Lighting up as she talks about each guest touch point at Surrenne, Inge’s energy is enviable but speaks volumes of her dedication to the art of being well. Inside one treatment room, a mass of smooth white onyx sits centre stage for Surrenne’s signature wet spa experiences, all envisioned by Inge herself. From art galleries to restaurants, her inspiration comes from anywhere and everywhere. “I was in Mexico, and they were grating these giant heaps of salt onto my steak,” she recalls excitedly. “And suddenly I thought – that, is how we will apply the salt on the body. We will GRATE the salt on the body!”

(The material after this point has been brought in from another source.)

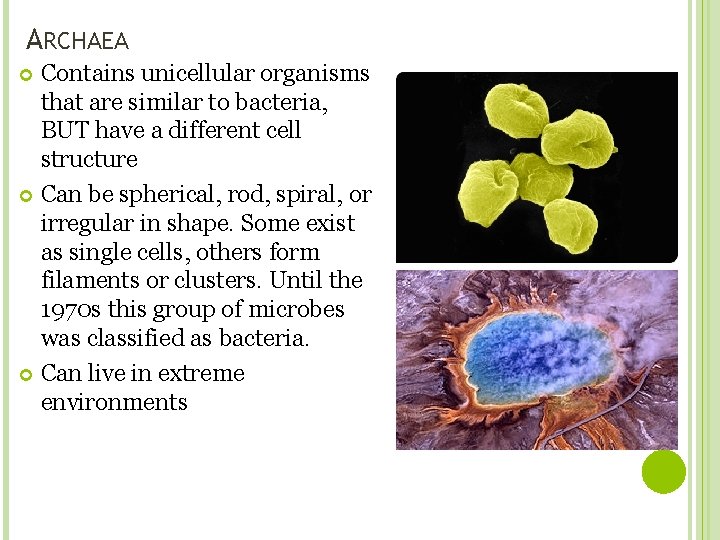 ARCHAEA Contains unicellular organisms that are similar to bacteria, BUT have a different cell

Having spent the last few years living and breathing everything Surrenne, it’s a wonder what’s next in Inge’s world. “I mean, I’m just getting started,” she muses, as if her nearly 20-year journey in wellness – exploring it, writing about it, and designing for it – has only been a prelude. “The use of AI in diagnostics is a really exciting area in the industry, and one that’s going to have such a huge impact to living these longer, better lives. Technology that is able to spot things, and connect the dots a lot quicker than humans are able to? That’s an area I really want to back.”

Without question, wellness is Inge’s passion. “I’m obsessed. I think about it night and day – that’s why I put my desk in my bathroom,” she says, blasé of the unconventional setup. “When I need clarity, I retreat to my bath. It’s where I find focus and inspiration. Then, when I’m ready, I transition to my desk. So, my workspace is quite literally within my bathroom, where I can just be surrounded by wellness.” While unconventional, it’s precisely Inge’s knack for reimagining conventions in alternative contexts that will continue to fuel her success.